If it bleeds, it leads… rare illustrated broadside of Samuel Frost’s 1793 execution for murder

The Confession and DYING WORDS of SAMUEL FROST, Who is to be Executed this Day, October 31, 1793, for the Horrid Crime of MURDER. Worcester: Printed and sold at Mr. Thomas’s Printingoffice[sic], Oct. 31, 1793.
Broadside on laid paper, printed area 17 3/8”h x 15”w on a 20”h x 16 ¾”w sheet. Six lines of headline type surmounting four columns of letterpress text divided by mourning borders. Large (3”h x 6”w) woodcut illustration of an execution at upper left. Wear and losses along old folds, some soiling and staining, margins toned with some chips at edges. Lined on verso.
$6,750

A very rare illustrated broadside issued on the occasion of the execution of Samuel Frost for murder on October 31, 1793. Published in Worcester, Massachusetts by Isaiah Thomas, one of the leading printers of the Revolutionary and early Republican eras and the founder of the American Antiquarian Society.

The broadside is large and striking, nearly 20” high by 17” wide, adorned by a large woodcut, several lines of headline type and a mourning border.

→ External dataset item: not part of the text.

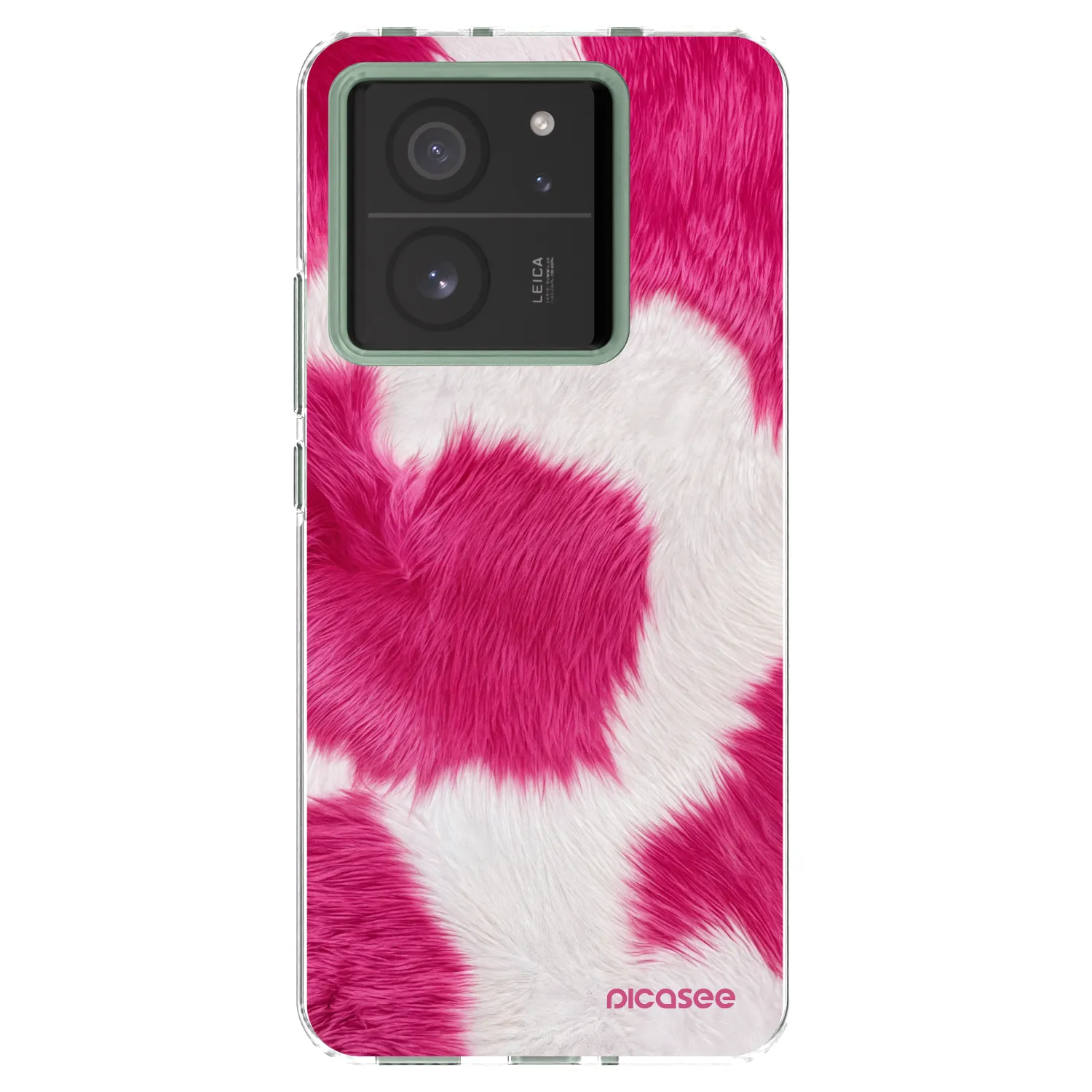 Picasee Xiaomi 13T Hülle - Transparentes Silikon - Pink Moo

The four columns of letterpress are in two parts, the first being an autobiographical account by Frost of his life and crimes, the second being commentary by an unnamed commentator.

Frost was born in 1765 in Princeton, Worcester County, one of four sons of a farming family. By his own account, his mother died young, when Frost was only 14, and “I always supposed her death was occasioned by the bad treatment she received from my father. He was very churlish, and was void of all affection for his family.” In 1783 Frost exacted revenge on his father in the most extreme manner possible: “as we were digging a ditch together; I knocked him down with a handspike, and then beat his brains out.” Frost was arrested and tried for the crime, but “acquitted contrarily to my expectations.”

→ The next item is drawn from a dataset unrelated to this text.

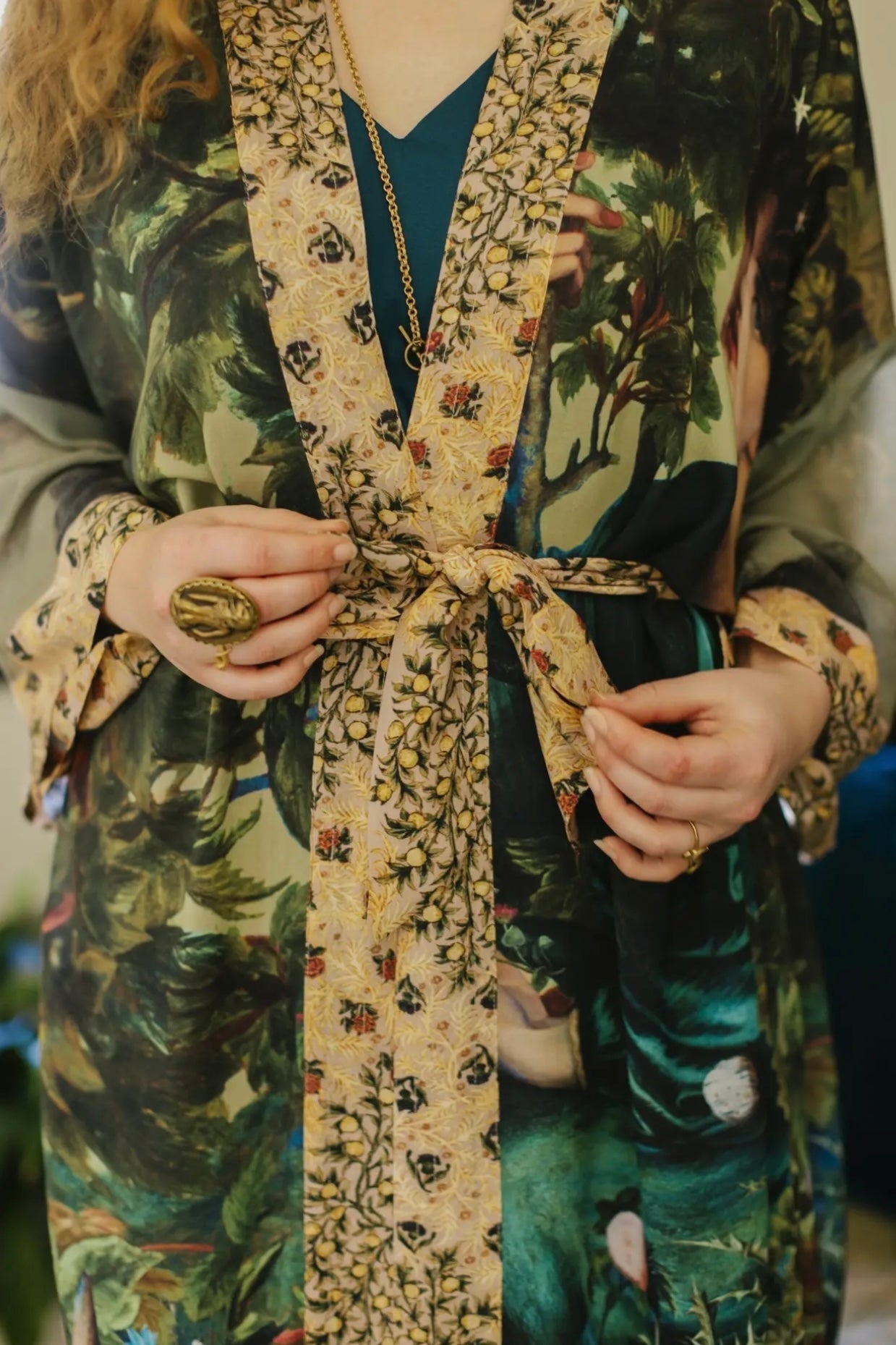 Bella Notte Long Duster Bamboo Kimono Robe - ivyandlavyboutique Market of Stars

Frost’s account continues: After his acquittal he spent a few years living with various families in Princeton and a relation in Fitzwilliam, New Hampshire, during which time he had a passing encounter with Shays Rebellion. Then in 1786 he settled in Princeton in the home of Revolutionary War veteran Captain Elisha Allen (1744-93). Though Frost was 20 or 21 at the time, Allen may have been Frost’s legal guardian with power of attorney: “I had a small estate and wanted to work on that, but I could not.—Mr. Allen had the care of my estate, and I supposed was paid for my living with him out of it.” Fueling Frost’s anger was hard treatment at Allen’s hands: “I went off [i.e., ran away] several times… and was absent sometimes a longer and sometimes a shorter time, but did not get any thing by going away but flogging when I returned”. Thus Frost again resorted to murder, in a strikingly similar manner:

“At length, on the 16th day of July, 1793, I effected it thus—Capt. Allen was going to set out cabbage plants…. I found him stooping to fix a plant… and accordingly went up to him and gave him a blow on the head, and repeated it…. Continued repeating the blows until I supposed he was dead. I had beaten his head so as it had made a large hole in the ground and his brains come out.”

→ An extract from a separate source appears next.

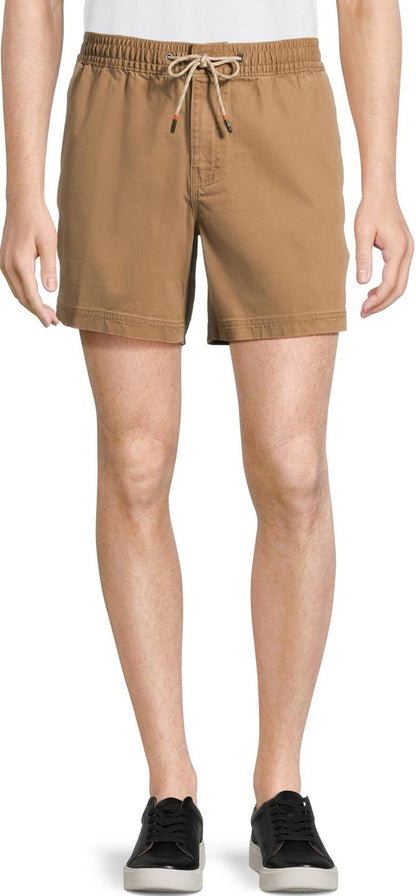 George Mens Twill Pull on Shorts Drawstring Waist 8 Inseam Brown Pecan Size L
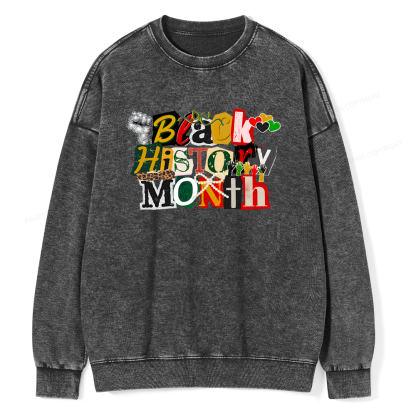 Pagewings Black History Month Washed Sweatshirt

Frost was apprehended a few days later, tried in Worcester, and executed there by hanging on October 31, 1793. The ritual pre-execution sermon was given by the Rev. Aaron Bancroft and later published as “The Importance of a Religious Education Illustrated and Enforced.” Taking as his text the tale of the sons of Eli (I. SAMUEL, iii.13), Bancroft traced Frost’s brutal character to his father’s.

“In the daily intercourses of the family, he saw not that example of love and condescension, of tenderness and humanity, which enforces good instruction, softens the passions of resentment and revenge, and insensibly forms the disposition to mildness, sympathy and humanity. But the example set before him was impious, cruel, and barbarous. In this school the son was but too ready to learn. All the rough, malignant, and revengeful passions, acquired strength, and obtained an habitual control of the mind.” (Bancroft, pp. 18-19)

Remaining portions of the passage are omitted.